【海外での生活体験~ベトナム編~】日本とは真逆!?ロジックの組み立て方

ベトナム

私はただいまベトナムに滞在しており、仕事を通してベトナムの文化や人々と触れております。日々過ごす中で、私が個人的に驚いたこと、面白いと思ったことを共有できればと思います。他国の文化・様子を知ることで、自身の生活にその考えを取り入れ日常が少し豊かになったり、改めて日本の良さを知ったりするきっかけになると思いますので、ぜひ読んでみてください!

ベトナムで働いている日本人から良く「ベトナム人の説明は非常に分かりにくい」、「話が長くて結論が何か分からない」という話を頻繁に耳にします。何故ベトナム人の説明は分かりにくいのでしょうか。この背景について言及していきたいと思います。

一般的なロジック

一般的なロジカルシンキングの詳細については過去書かせていただいた以下の記事をご確認頂ければと思います。

このように、一般的なロジック(世界基準のもの)は最初に結論を伝え、その結論の根拠・方法をその後の論理展開で支えている形になります。過去記事で記載した通り、「論理の基本構造」が成り立っている状態だと言えます。

<論理の基本構造>

具体例

あなたの家は職場から1時間かかる。家族に引っ越しを打診している。

結論:職場に近い新しい家に引っ越すべきだ。

根拠①(事実):今の家は職場から1時間以上通勤がかかる。通勤の疲れで仕事のパフォーマンスが低下しており、社内の評価が下がる可能性がある。

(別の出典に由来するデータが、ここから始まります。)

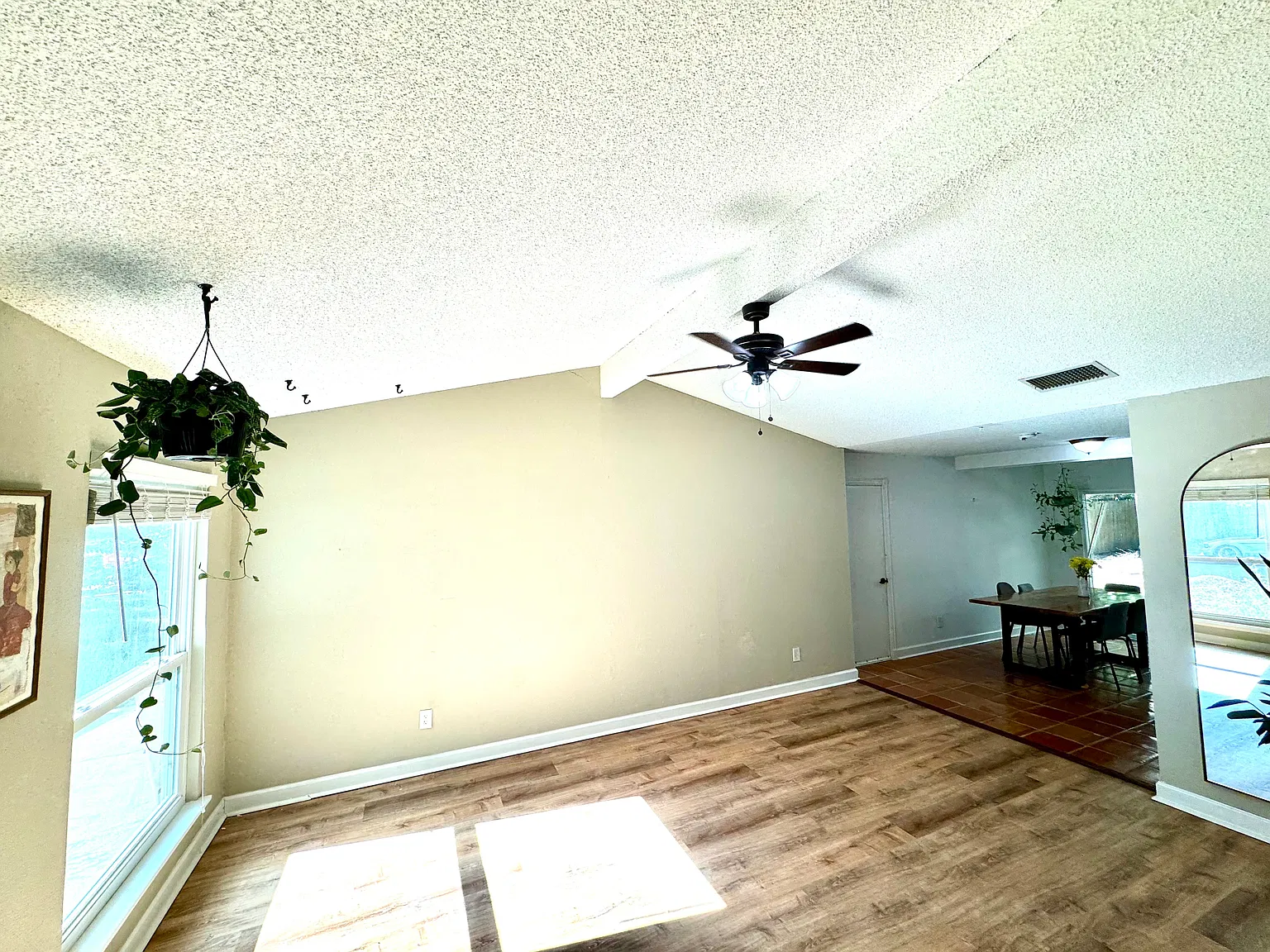 3 bed, 1332 sqft, $2,140 — Photo 4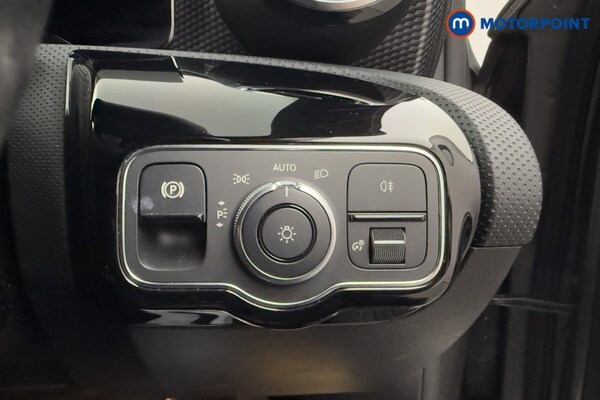 Used Mercedes-Benz A-Class 2019 for sale - 76147056: Photo 24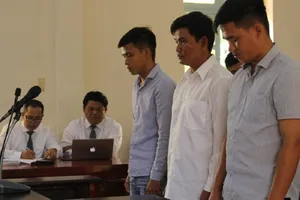 Hoãn xử vụ quản giáo đánh chết phạm nhân 17 tuổi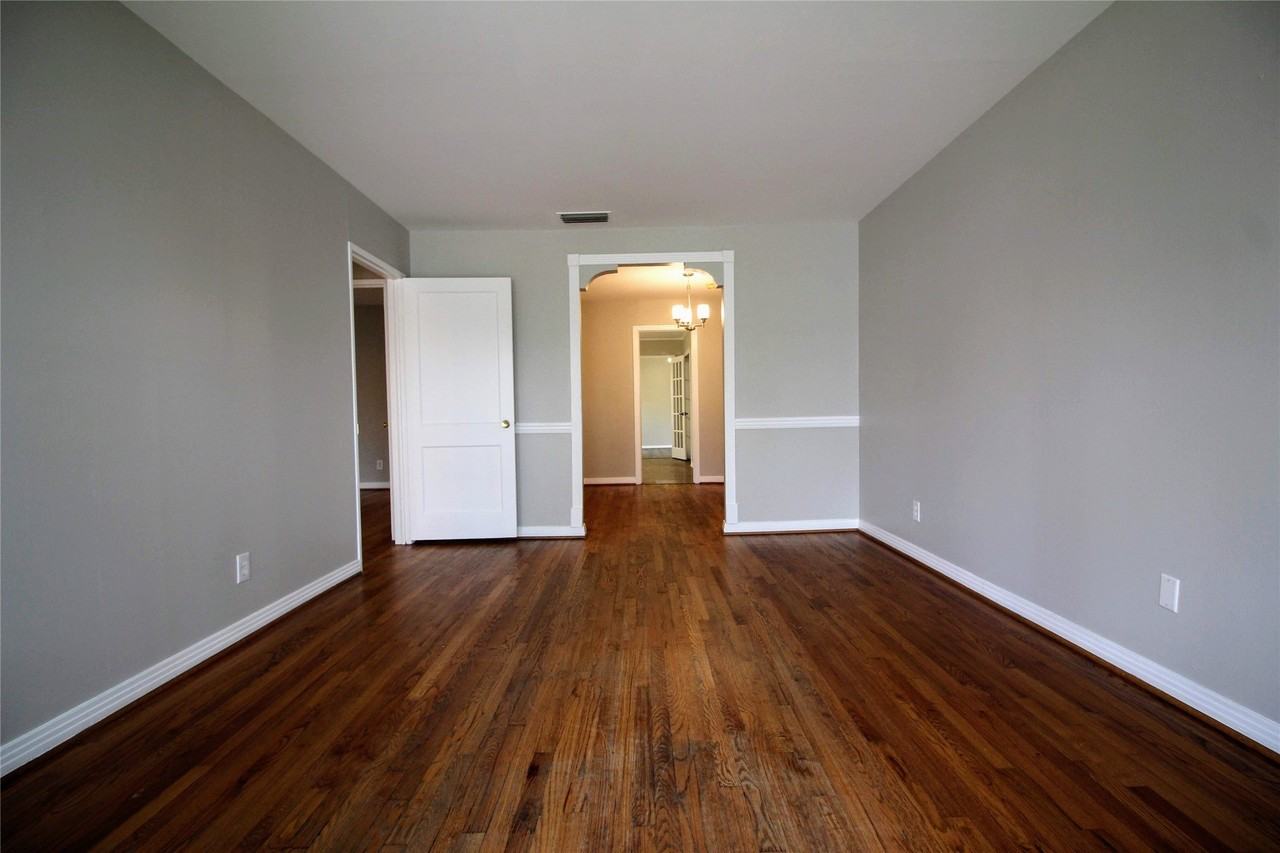 10415 Losa Dr - Photo 4 of 31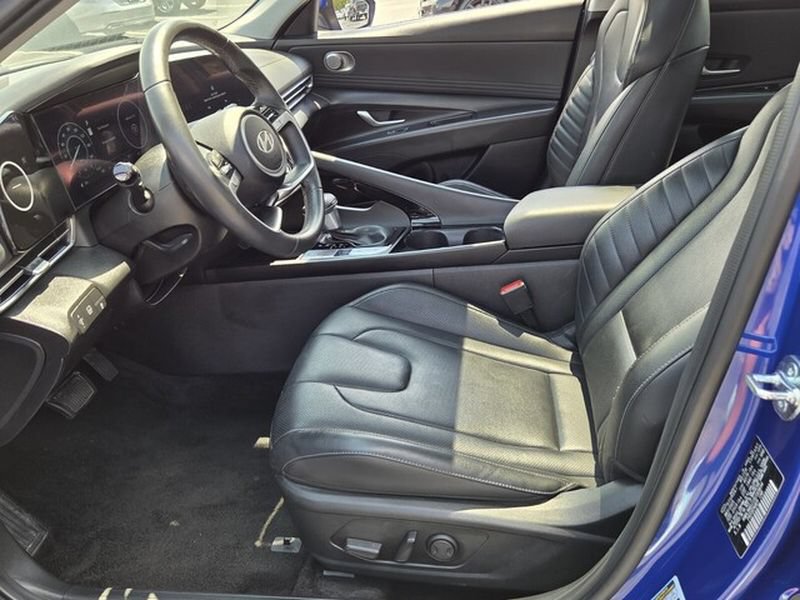 Used 2025 Hyundai Elantra Limited FWD image 10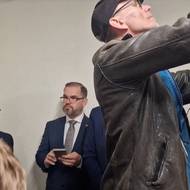 Schovali se i poslanci a zaměstnanci litevského parlamentu. Na snímku s mobilem v ruce ministr obrany Robertas Kaunas.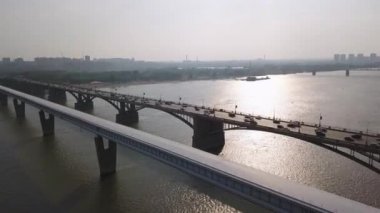 Metro Köprüsü ve Comal Köprüsü. Novosibirsk şehrinin panoraması. Ob nehrinin manzarası. - Rusya. 4K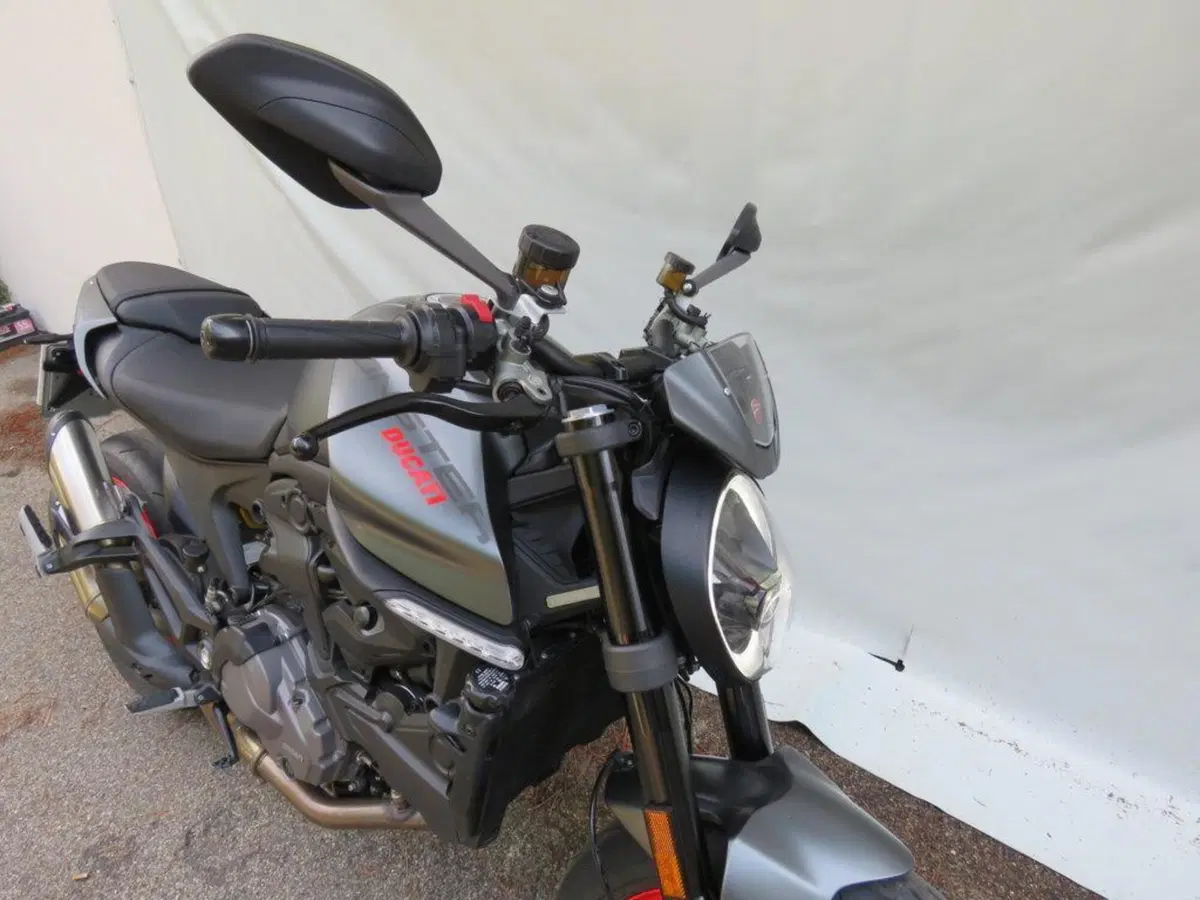 Ducati Monster 937 (2021 - 25) (8)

根拠②(判断基準):仕事のパフォーマンスを最大化し、社内での評価を上げることが重要。結果的にボーナスがより多く出て、出生する可能性が高まり、家族を養うことができる。

根拠③(判断):2つの選択肢が考えられる。(1)今の家は家賃が安いが、通勤時間に1時間以上かかる。(2)職場に近い家は家賃が3万円高くなるが、通勤時間が10分に短縮され、通勤の疲れは軽減される。

⇒長期的に見てパフォーマンスを最大化する方が家計にとってプラスであり、(2)を選択。

ベトナムのロジック

一方、ベトナムのロジックは細かい根拠の積み上げにより結論を導くというものになります。考えられる根拠が羅列しており、それら根拠が整理されていないため聞き手としては非常にわかりづらくなってしまいます。

具体例

あなたの家は職場から1時間かかる。家族に引っ越しを打診している。

根拠①:今の家は職場から1時間以上通勤がかかる。通勤の疲れで仕事のパフォーマンスが低下しており、社内の評価が下がる可能性がある。

根拠②:仕事のパフォーマンスを最大化し、社内での評価を上げることでボーナスがより多く出て、出生する可能性が高まる。

根拠③:家と職場が近づくことで家族と過ごす時間が増える。

根拠④:同僚の多くも職場から15分圏内に住んでいる。

根拠⑤:引っ越し先候補の場所は自治体がしっかりしており、子供を保育園に入れやすい。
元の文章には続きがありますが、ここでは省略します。